Work request:
In the data below, find the line containing "Twilight river view" and the line containing "Carved wooden bust", then reproduce them and every line between, exactly. Omit pictures.

Records supplied:
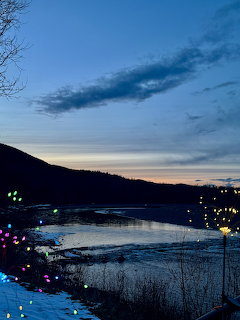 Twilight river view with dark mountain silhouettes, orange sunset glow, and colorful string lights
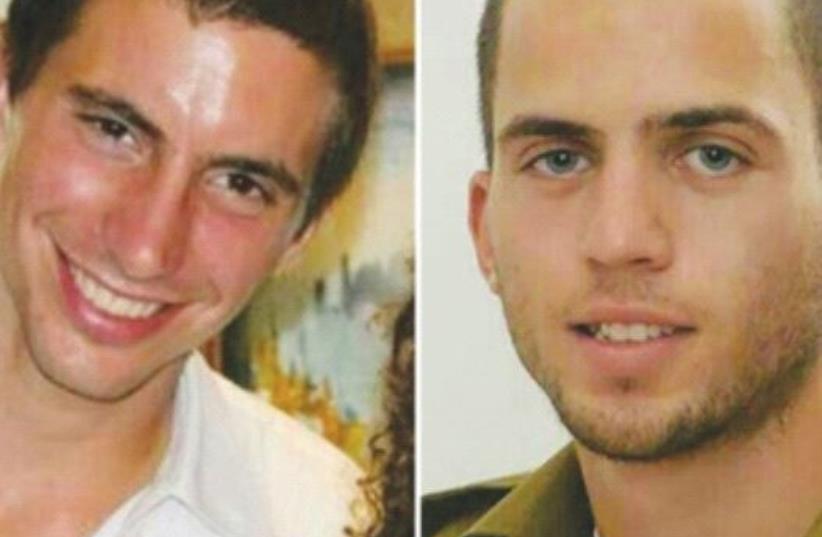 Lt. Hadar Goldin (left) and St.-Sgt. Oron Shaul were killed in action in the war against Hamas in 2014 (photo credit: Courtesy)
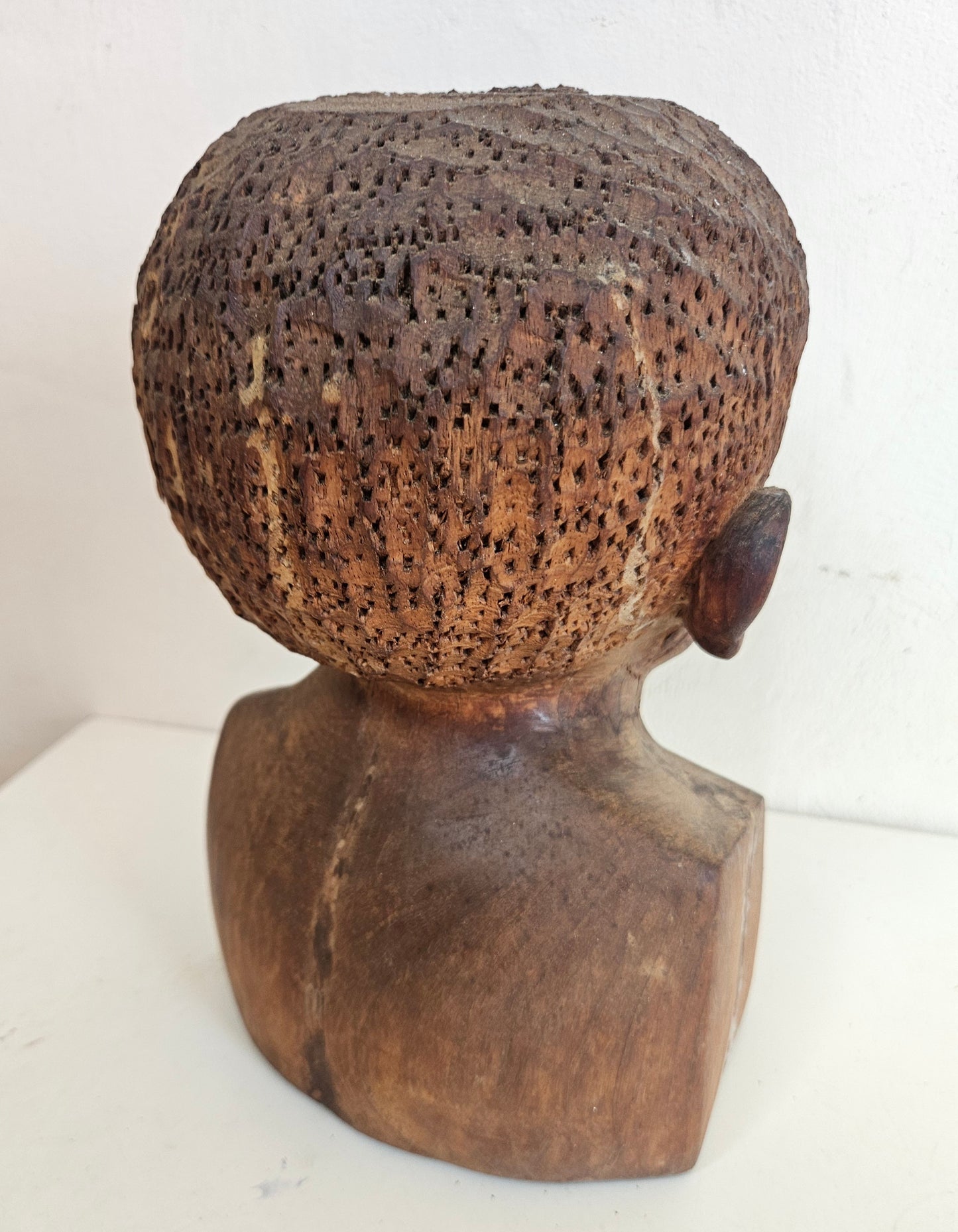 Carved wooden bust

...

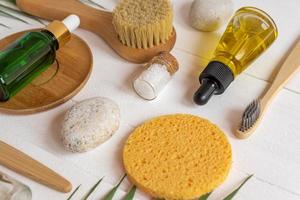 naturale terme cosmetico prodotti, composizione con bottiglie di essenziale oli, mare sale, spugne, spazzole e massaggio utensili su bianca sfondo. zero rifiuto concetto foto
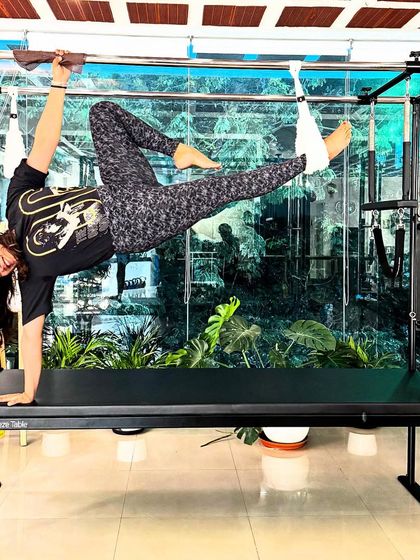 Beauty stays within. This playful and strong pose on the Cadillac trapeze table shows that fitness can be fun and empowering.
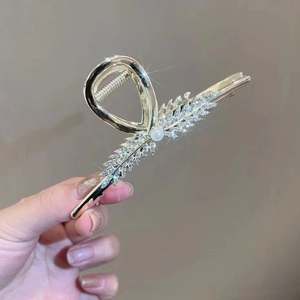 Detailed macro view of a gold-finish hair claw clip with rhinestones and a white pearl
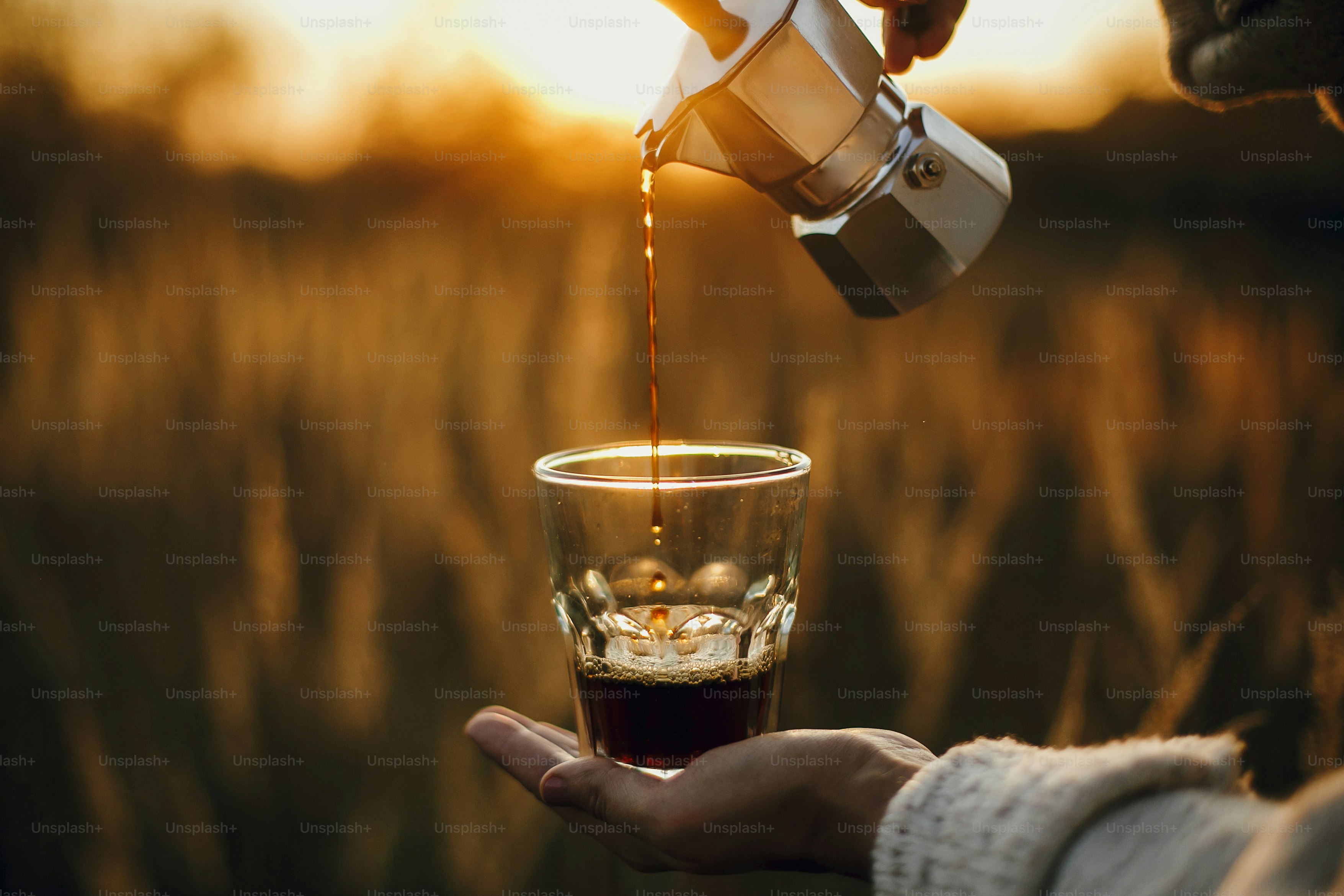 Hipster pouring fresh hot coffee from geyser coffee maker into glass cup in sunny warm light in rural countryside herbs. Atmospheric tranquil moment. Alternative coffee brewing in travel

Task answer:
 Twilight river view with dark mountain silhouettes, orange sunset glow, and colorful string lights
 Lt. Hadar Goldin (left) and St.-Sgt. Oron Shaul were killed in action in the war against Hamas in 2014 (photo credit: Courtesy)
 Carved wooden bust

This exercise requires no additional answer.